EidoSearch now accounts for eight of the 40 variables in FlowPoint’s main market model. Trafton says that the tool, “like all technology, comes with its own biases, but it’s very useful when you find those outliers where seven out of ten times the evidence is obviously bullish or bearish.” Digging into the history of the matches allows investors to understand why their approach may be wrong or in need of adjustment; it gives them context to reconsider their take on present events.

Predictive analytics tools have enjoyed something of a mixed record since the financial industry erupted with excitable talk of the possibilities of “big data” a couple of years ago. Most of the products pushed into the market in that first flush of enthusiasm relied on historical numerical or verbal data — much of the latter culled from the Internet, Twitter in particular — to generate signals and predictions around asset price movements. The usefulness of these products to investors is a topic of much debate; traders see dwindling value in the type of “sentiment analysis” that crawls social media sites to understand the likely movement of stocks, for example. The difference with EidoSearch, which has received $2 million in seed funding from San Francisco venture capital firm Resolute Ventures, is that the technology is geared toward finding visual pattern analogs — an unusual and difficult task.

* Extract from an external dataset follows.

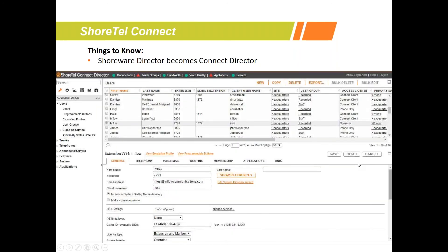Shoreware Director becomes Connect Director. Not a ton of stuff has changed — they took the diagnostic and monitoring layout from 14.2 and used that same layout for the rest of Director. A lot of the same items are still under Users. The biggest change is under Features, where they moved things like auto attendant, system directory, hunt groups, route points, workgroups, and schedules all under a single Features tab, which makes it cleaner to find everything in one section. From an IT level, you'll want to plan for a little bit of training for your IT team as the interface did change.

Kedmey and Zhang took more than five years to build the technology underlying the EidoSearch engine; the commercial version of the software was released late last year and the firm now has 50 buy-side customers. “We’ve tried almost every fintech platform in the last 20 years,” says Trafton. “A lot of them are just noise — firms start with a bang, make a lot of noise, then fizzle.” But the EidoSearch tool is “very elegant technology,” he adds. Kedmey and Zhang will be hoping more investors feel the same way as EidoSearch seeks to avoid becoming another predictive analytics fizzler.